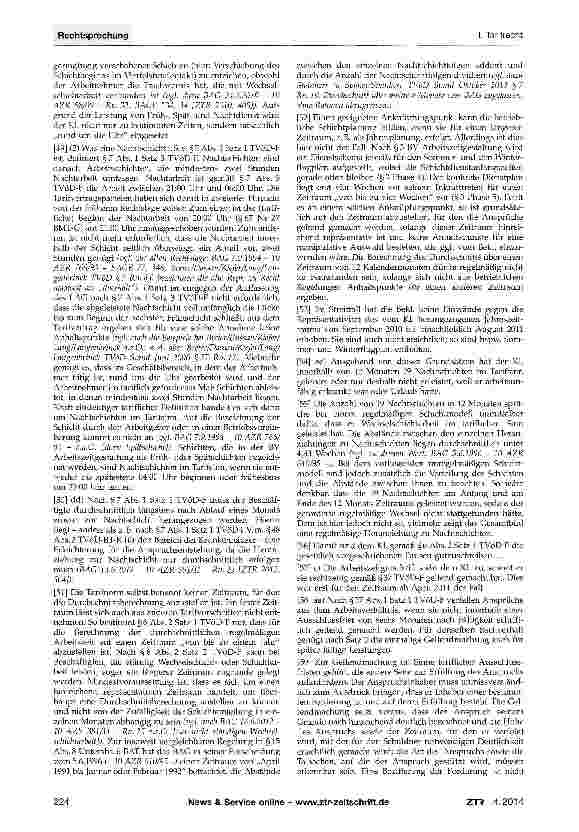 Vorschauseite 5: Wechselschichtarbeit nach BMT-G und TVöD-F - Schichtlohnzuschlag für ständige Wechselschichtarbeit - bezahlte Pausen - Überstundenzuschlag - Zusatzurlaub - Arbeitszeitkonto und Au…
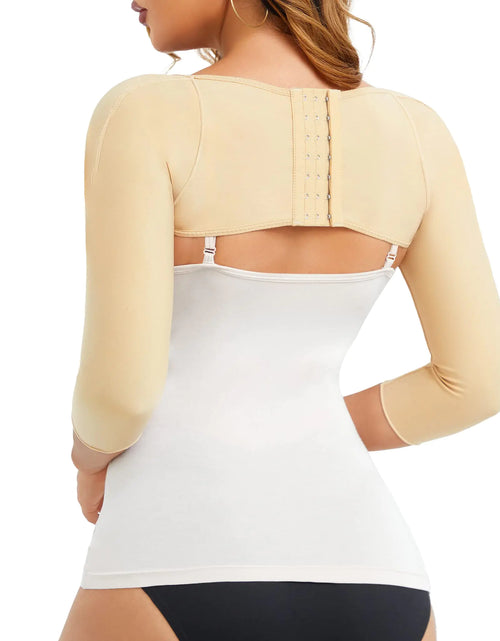 Charger l'image dans la visionneuse de galerie, Manchon de compression pour bras RDSINAE Arm faja femme Minceur Manches Lipo Post-opératoire Correcteur de posture Hauts gainants
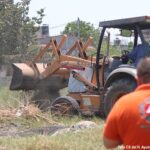 DESAZOLVAN PUNTOS CRÍTICOS PARA EVITAR INUNDACIONES RIESGOSAS
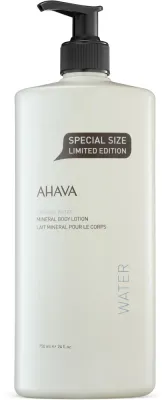 Минеральный лосьон для тела Ahava Deadsea Water Mineral с минералами Мёртвого моря, 750 мл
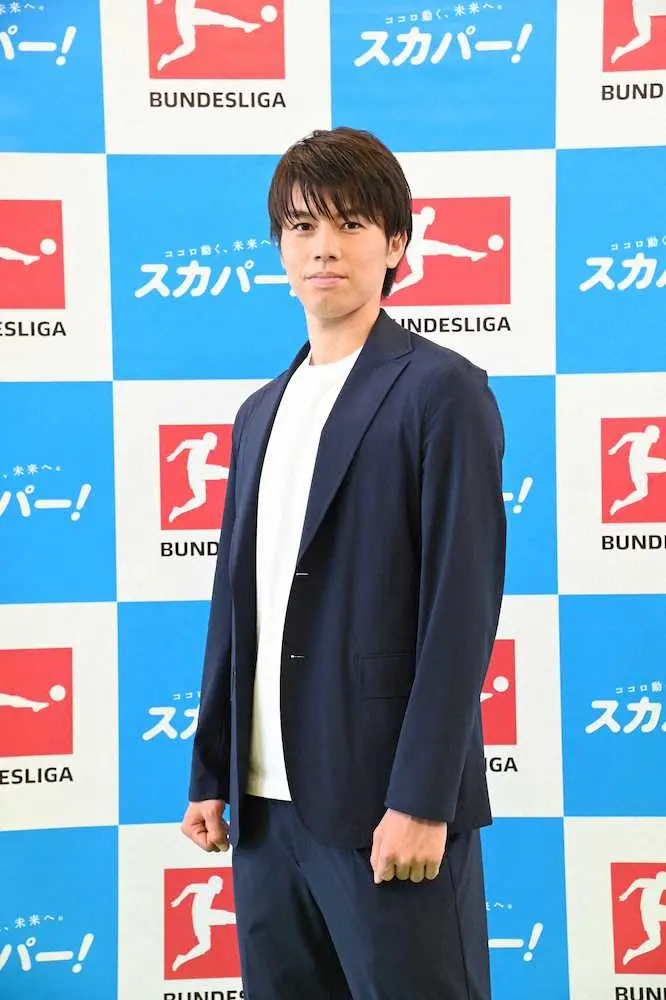 【画像・写真】田中碧　五輪の悔しさ胸に「自分がどこまでやれるのか世界で試したい」川崎Fがオンライン激励会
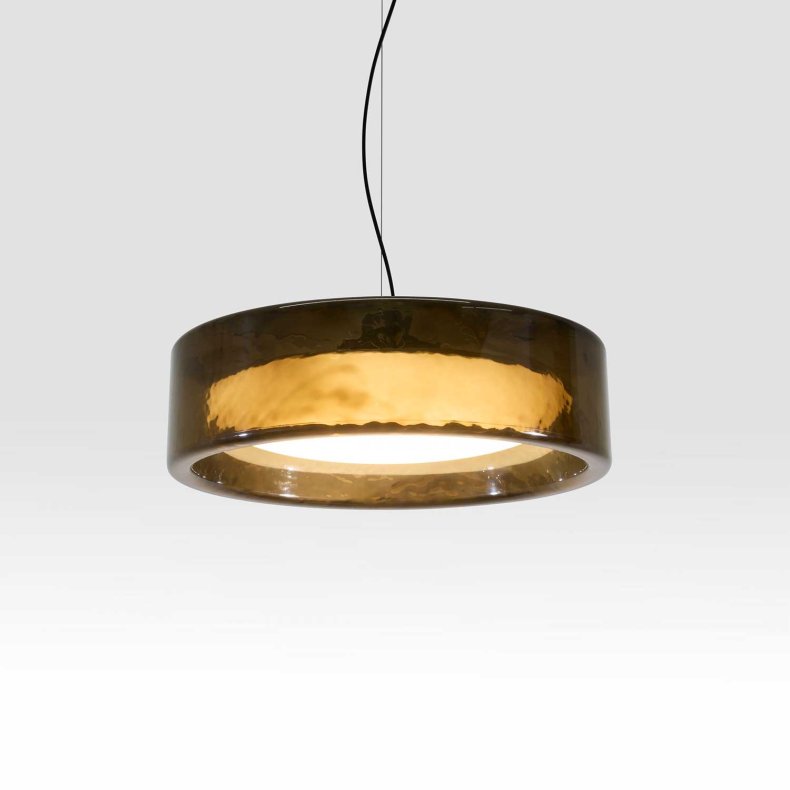 Ringo Dark Smoked Pendant Light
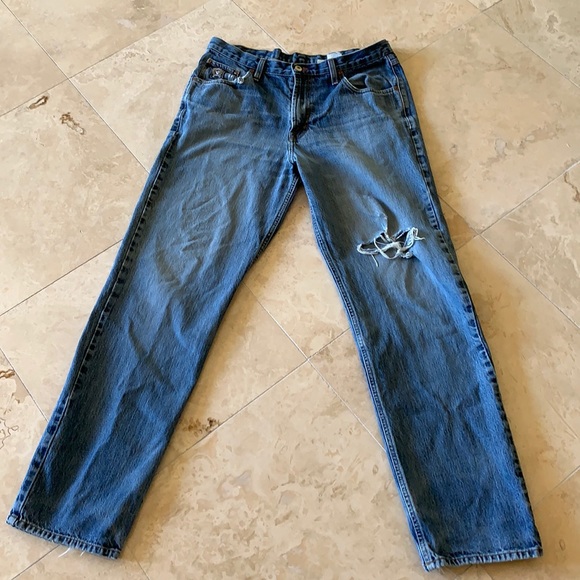 Cinch Other - Cinch Grant up Distressed Blue Jeans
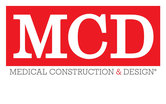 Medical Design & Construction magazine logo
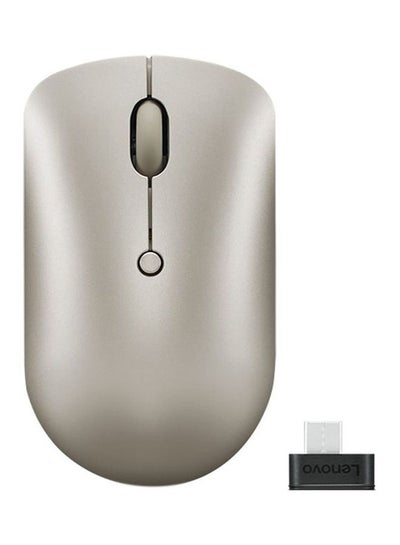 Buy 540 USB Type-C Wireless Compact Mouse With Battery Sand in UAE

What to do:
Leave the pictures out, and please copy only the lines from the one with "Charger l'image dans" through the end of the listing.

Answer below:
 Charger l'image dans la visionneuse de galerie, Manchon de compression pour bras RDSINAE Arm faja femme Minceur Manches Lipo Post-opératoire Correcteur de posture Hauts gainants
 DESAZOLVAN PUNTOS CRÍTICOS PARA EVITAR INUNDACIONES RIESGOSAS
 Минеральный лосьон для тела Ahava Deadsea Water Mineral с минералами Мёртвого моря, 750 мл
 【画像・写真】田中碧　五輪の悔しさ胸に「自分がどこまでやれるのか世界で試したい」川崎Fがオンライン激励会
 Ringo Dark Smoked Pendant Light
 Cinch Other - Cinch Grant up Distressed Blue Jeans
 Medical Design & Construction magazine logo
 Buy 540 USB Type-C Wireless Compact Mouse With Battery Sand in UAE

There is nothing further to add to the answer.